Tom Selby, senior analyst at AJ Bell, said: “After years of prevarication the Government is finally taking decisive action in the war on pension scammers. The ban on cold-calling might not kill all forms of pension fraud stone dead, but it will certainly wound firms attempting to defraud savers of their hard-earned retirement pots. It also sends a clear message to people that if they receive a cold-call about their pension, they should simply hang up the phone.”
Kate Smith, head of pensions at Aegon, said: “Growing at an exponential rate, pension scams have been a menace for years. At last the government has taken some action to tackle pensions fraud that has brought misery to thousands and cost people tens of millions of pounds every year. Even once it’s in place, people will still need to protect themselves from fraudsters based overseas, not affected by the ban, or others who simply flout it.”
However, both Selby and Smith warned that while the ban offers a degree of protection, consumers must continue to be vigilant and further steps should be taken by the government to help.
Selby said: “The reality is scammers are becoming increasingly sophisticated and in the time it has taken policymakers to introduce this ban, tactics have evolved.
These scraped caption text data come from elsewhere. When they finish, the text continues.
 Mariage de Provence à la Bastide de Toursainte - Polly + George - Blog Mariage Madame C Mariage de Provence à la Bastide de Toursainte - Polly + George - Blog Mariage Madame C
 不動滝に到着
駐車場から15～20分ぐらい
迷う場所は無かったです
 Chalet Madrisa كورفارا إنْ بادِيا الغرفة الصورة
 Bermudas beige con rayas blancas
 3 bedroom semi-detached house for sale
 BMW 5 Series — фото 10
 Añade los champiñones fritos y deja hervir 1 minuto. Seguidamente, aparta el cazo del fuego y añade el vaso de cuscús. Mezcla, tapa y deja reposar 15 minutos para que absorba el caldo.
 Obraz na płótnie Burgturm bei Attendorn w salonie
We have always said a cold-calling ban should be viewed as the beginning of the onslaught on pension scammers, and we urge the Government and regulators to consider further interventions to protect savers.
“Hundreds of millions of pounds has been lost by people using their pensions to invest in unregulated schemes that remain at the heart of many recent scandals. Introducing a permitted investments list for SIPPs so such investments are no longer allowed would be a huge step forward in tackling the scourge of pensions fraud.”
Smith added: “The good news is that HMRC is already trawling its pension scheme database getting ready to wield its new powers to deregister illegitimate schemes from April. For now the battle has been won, but it would be premature to celebrate until pension scamming is stamped out completely. The best way to do this is to give pension schemes powers to block suspicious transfers, so hard earned pensions aren’t moved to pension scam vehicles in the first place. This would stop a lot of heartache. Government, regulators as well as the industry have a role to play here in the fight to keep pension savers‘ money safe.”
Also included in the Financial Guidance and Claims Bill was a new requirement for savers to confirm they have received or opted out of ‘appropriate’ guidance before transferring their pension or accessing the pension freedoms for the first time.
Selby commented: “We are pleased the Government has rejected calls to introduce ‘default’ guidance at the point someone wants to access their own money. The amendment put forward will instead strengthen signposting to guidance and require savers to confirm they have received or opted out of guidance before their retirement savings are transferred or released.
“We are supportive of boosting both the take-up and effectiveness of pensions guidance interventions, and will continue to engage with all interested parties to ensure any proposals will work on a practical level.”